„Dieser Barras stinkt uns!“– Vor 50 Jahren meldeten sich „Soldaten für den Frieden“ zu Wort

13. August 2020

Mit einer Studie „Soldat 70“ traten rund 100 Soldaten im September 1970 an die Öffentlichkeit. Wir veröffentlichen dieses Dokument, das nicht ohne Brisanz auch für heute steht. Es heißt darin: „Dieser Barras stinkt uns! Denn wir haben erfahren, daß der Anspruch der Bundeswehr, für Frieden und Demokratie einzustehen, im Widerspruch zur Wirklichkeit steht.
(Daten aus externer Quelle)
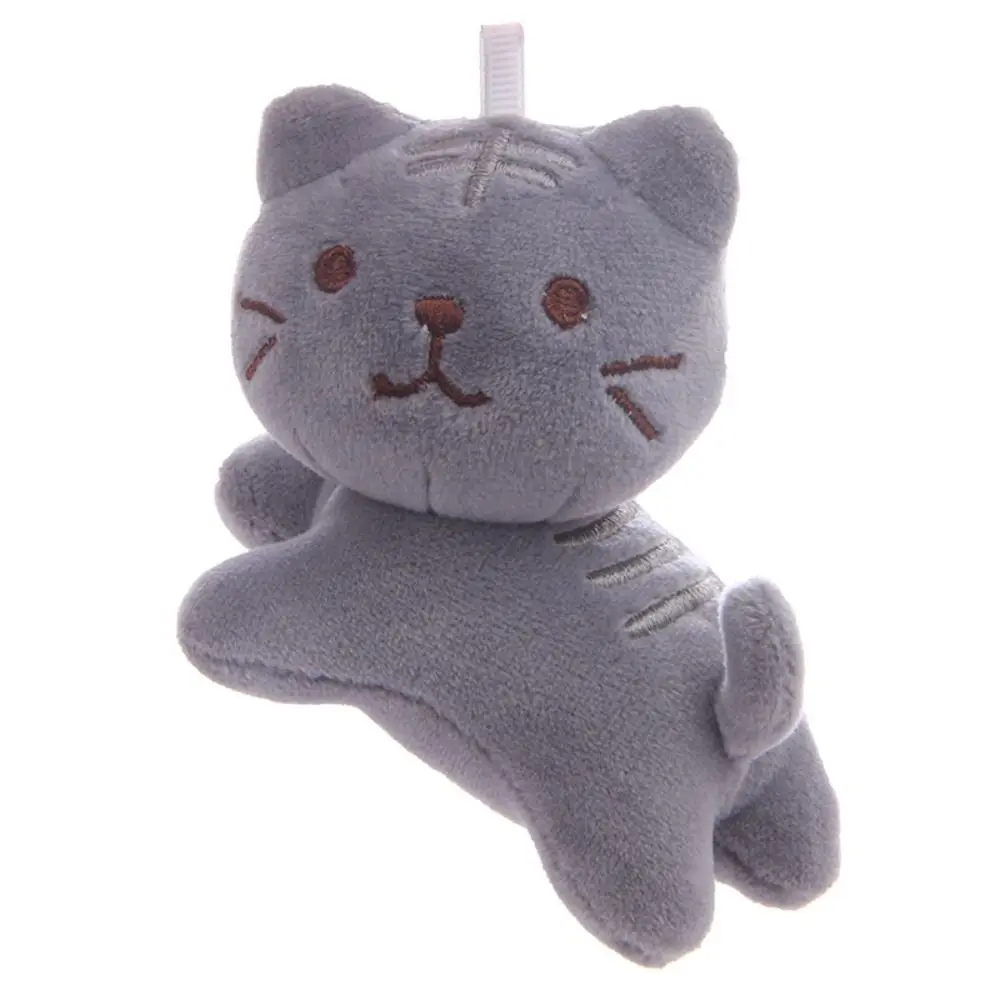 

Key Buckle Cute Cat Plush Pendant Korean Style Backpack Charms Crooked Head Kitten Keychain Cartoon Plush Cartoon Doll Pendant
Wir haben erfahren, daß die Bundeswehr von Männern geführt wird, denen alles Militärische zum Lebensinhalt und Selbstzweck geworden ist. Wer aber nicht mehr bereit ist, das Militär grundsätzlich in Frage zu stellen, stellt eine ständige Bedrohung für friedliches und ziviles Leben dar.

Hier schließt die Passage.